A key part of this assignment is to test your road and vehicle objects carefully to be sure that they behave as expected. That means creating instances of your classes, calling their methods, and verifying that instance variables and other observable state changes as you predict. In particular, be sure that you and your partner understand any equations or algorithms that control behavior, and how the state of the road pieces and vehicles should change as vehicles move, then verify that they actually do work that way.

You should implement a set of JUnit tests to automatically test your classes.

Be sure to test all the major behaviors of your classes so that in the next part of the project we can assume that they behave properly and can go on to other issues. There should be tests for every public method, and they should test for correct behavior under any distinctively different conditions that can happen. (In software engineering speak, you want your tests to have complete "coverage" -- they should test all behaviors, and cover all significant cases of parameter values and internal state values, including illegal values of parameters.)

You should include tests that examine behavior of your classes when used together: Create and connect up roads, create vehicles and add them to roads. Ask vehicles to move -- try big time steps; use a loop to run multiple small time steps.

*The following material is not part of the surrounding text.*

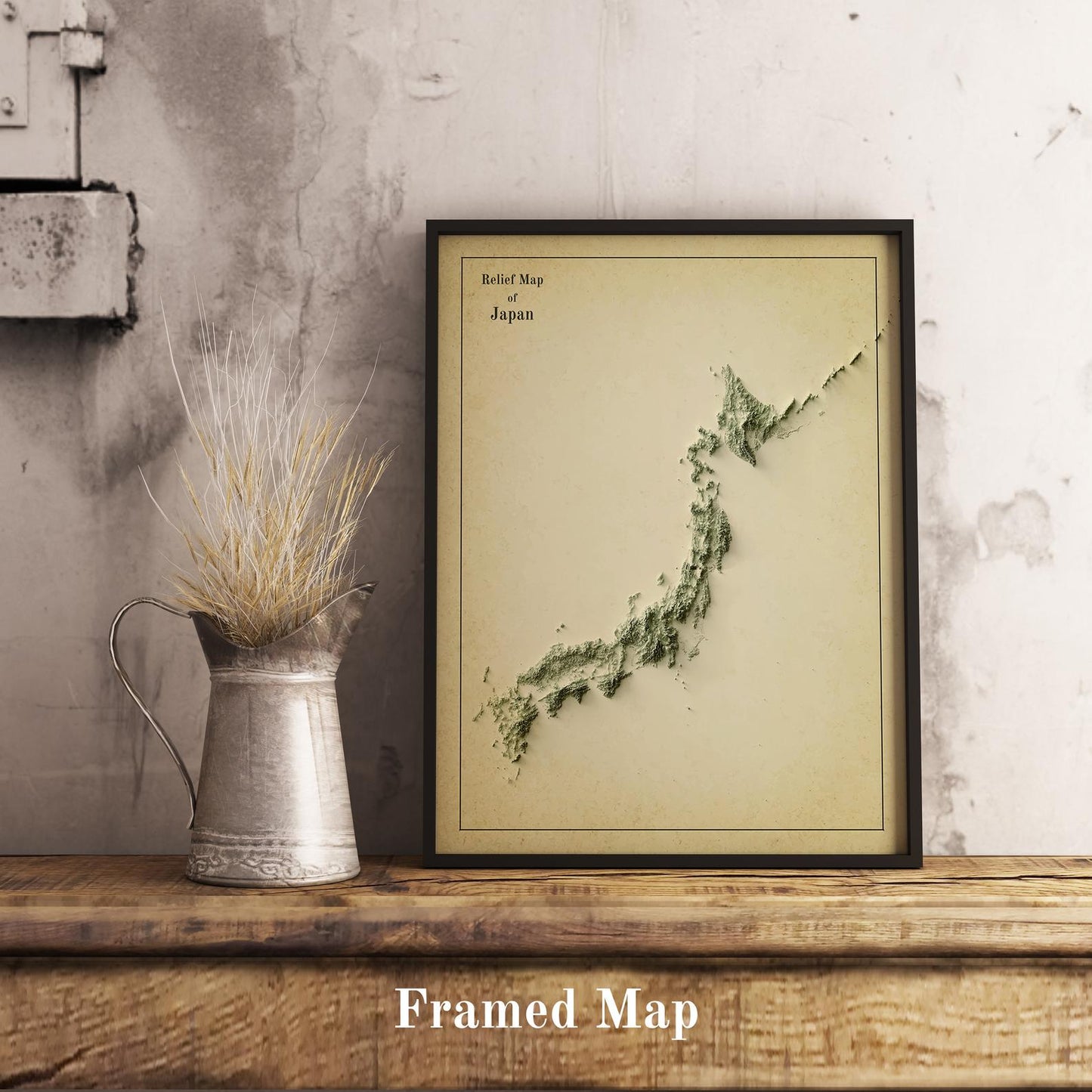 Image showing a vintage relief map of Japan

It is very helpful if you think about your testing strategy first, while doing design, before starting to code. It is much harder to try to come up with tests after the fact than it is to develop them as you think through the code. In fact, if you think about and understand the tests first, it will make the job of coding the classes easier. You can do this even before you know how to construct JUnit tests.

Some extra credit ideas

If you're adding features that will behave differently from the required classes, please make separate subclasses for them. In your report, you can tell us how to try out your new features.

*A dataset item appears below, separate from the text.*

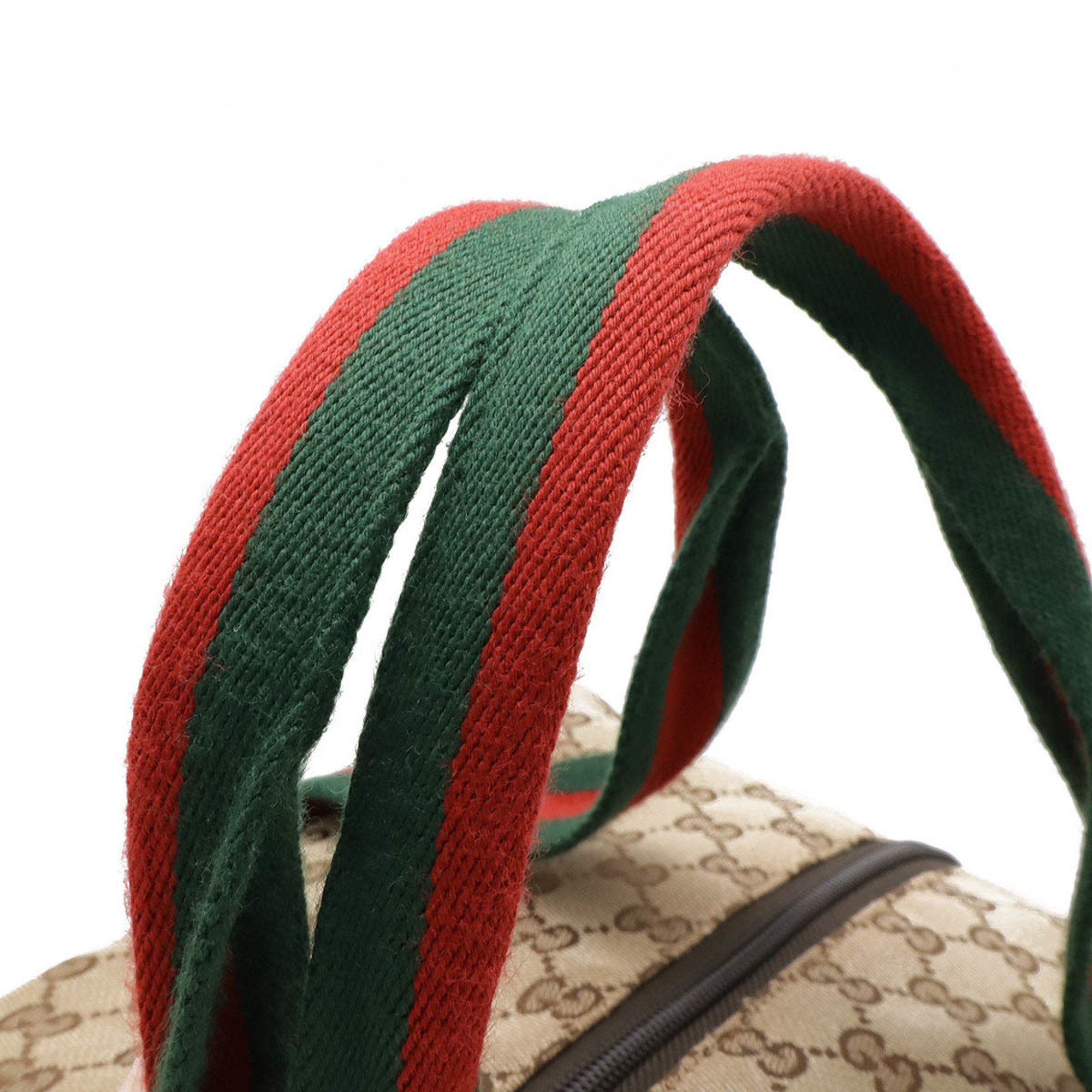 GUCCI Gucci GG Canvas Sherry Line Boston Bag Shoulder Leather Khaki Beige Red Green 153240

Here are a random assortment of things you might try out. (Not all things on this list are equally difficult.) Better still, surprise us.

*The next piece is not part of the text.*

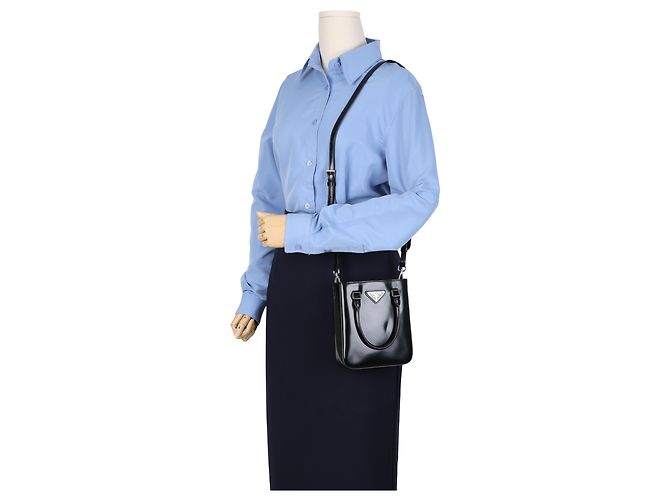 Prada Bolso Tote Pequeño de Piel Cepillada con Logotipo Triangle Negro - vista 14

Friction -- E.g. whenever the vehicle isn't told to accelerate, have it slow down gradually.
Speed limits -- Let your lanes specify a maximum speed, and have your vehicles try to drive to keep under that.
Traffic citations -- For each vehicle, detect when it violates some traffic rule, like barging out into an intersection, exceeding the speed limit, or hitting another vehicle. Count these for each vehicle.
Parking -- Allow a vehicle to pull off the road, permitting other vehicles to pass it. Allow it to pull back into traffic at the point where it left, in a realistic manner (i.e. when there is an appropriate space available, and starting from zero speed).
Have your drivers obey the legal who-goes-first order if there are multiple vehicles waiting to cross an intersection.
Traffic signals -- Provide a way for vehicles to tell what color the light is for their lane. Change which lanes are blocked according to a schedule. With this feature, you can explore the effect of signal "timing" on traffic flow.
Curved lanes -- You can still use the same formulae for distance and speed, if you want, but regard the distance traveled as being along a curved path.
Multiple-lane roads -- Allow lane changes among a set of adjacent lanes.
Intersections that allow two vehicles to pass through if their paths don't cross.
Emergency vehicles -- Turn on the siren and lights, and make others get outta the way.
Alien abduction.

What to turn in

When you are done, use this online turnin form to turn in the source files for your program and for the unit tests that verify that they work as expected. You can turn in the project more than once - we'll grade the last version you turn in. In particular, if you want to go beyond the basic requirements, we strongly suggest that you complete and turn in a project that meets the basic requirements first, then add the extras and turn in what you can before the deadline.